- Geldoff as depicted in Ultimate Spider-Man #42 (March 2003). Art by Mark Bagley.

Publication information
- Publisher: Marvel Comics
- First appearance: Ultimate Spider-Man #40 (July 2003)
- Created by: Brian Michael Bendis Mark Bagley

In-story information
- Alter ego: Geldoff
- Species: Human mutate
- Notable aliases: Proton
- Abilities: Ability to generate and discharge explosive energy balls

= Geldoff =

Geldoff is a character appearing in American comic books published by Marvel Comics. He first appeared in the Ultimate Marvel Universe's Ultimate Spider-Man #40 (July 2003) written by Brian Michael Bendis with art from Mark Bagley. Geldoff was brought to Earth-616 by Dan Slott and Christos N. Gage in Avengers: The Initiative #8 (February 2008), where he was given the code name, Proton.

Geldoff was a Latverian orphan, he was adopted by an American couple and moved to New York, and studied at Queens.

==Fictional character biography==
Geldoff is a Latverian orphan who was adopted by an American couple and became an exchange student in New York City. While drunk at a party, Geldoff destroys several cars with his powers. Aware of Geldoff's rampages, Spider-Man denounces his irresponsible behavior. When the police arrive, Spider-Man leaves, with Geldoff clinging to his back.

Spider-Man tries to convince Geldoff the error of his ways. When Spider-Man pauses to foil a robbery, Geldoff blows up a vehicle outside the shop, injuring the robbers and several civilians. Geldoff believes he is doing good and is surprised when Spider-Man attacks him. Geldoff threatens to use his powers on Spider-Man, but is stopped by the arrival of the X-Men.

Geldoff is taken back to the X-Mansion for examination. At the mansion, Professor Xavier telepathically sedates Geldoff. Recognizing that Cerebro does not register Geldoff as a human or a mutant, Xavier theorizes that he gained his powers from genetic experimentation, having been given the mutant gene during gestation and subsequently abandoned. Xavier plans to present Geldoff to scientific organizations and the United Nations as proof of illegal genetic research. Before Spider-Man leaves, Geldoff apologizes for threatening him.

==Powers and abilities==
By focusing, Geldoff is able to generate and discharge explosive energy balls, sending them to targets within his line of sight. He appears to be resistant to his own powers.

==Other versions==

===Earth-616===

Proton as depicted in Avengers: The Initiative #9 (March 2008). Art by Stefano Caselli.

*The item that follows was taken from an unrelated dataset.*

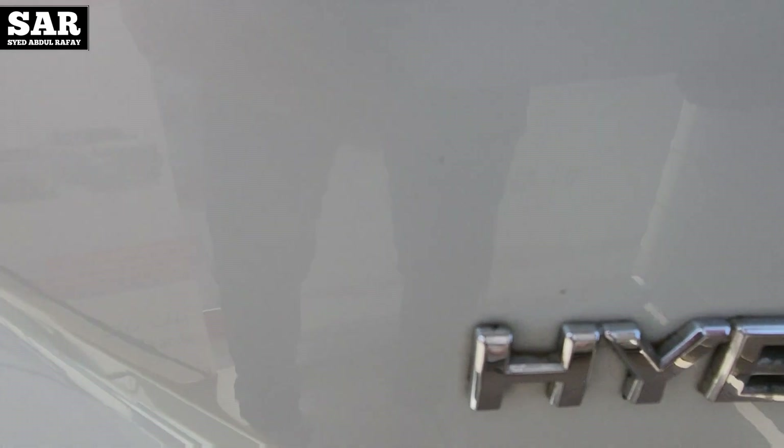This is Toyota's first Pakistan-assembled hybrid car — the Toyota Corolla Cross. Rear AC vents are available along with a charging slot. The back door is also available, as you can see, along with the charging slot.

Geldoff was introduced into Earth-616 (the core Marvel Universe) by writers Dan Slott and Christos N. Gage along with artist Stefano Caselli. This version is a Fifty State Initiative recruit training at the Camp Hammond facility. Geldoff is seen using the codename Proton during a combat training exercise when KIA, a clone of Michael Van Patrick, attacks.

In Secret Invasion, Proton is killed while fighting the Skrull invasion of New York City. Secret Invasion writer Brian Michael Bendis commented on the death of Proton by saying that he had asked Dan Slott which character he could kill off, and stated that Slott had built characters for this exact purpose.

===Inhuman===
Another alternate version of Geldoff named Geldhoff (also created by Brian Michael Bendis) is introduced in Inhumanity. He is introduced as a Latverian teenager visiting the United States as part of a student exchange program who manifests dormant Inhuman abilities after being exposed to the mutagenic Terrigen Mist. After briefly battling the X-Men, he is kidnapped by Monica Rappaccini.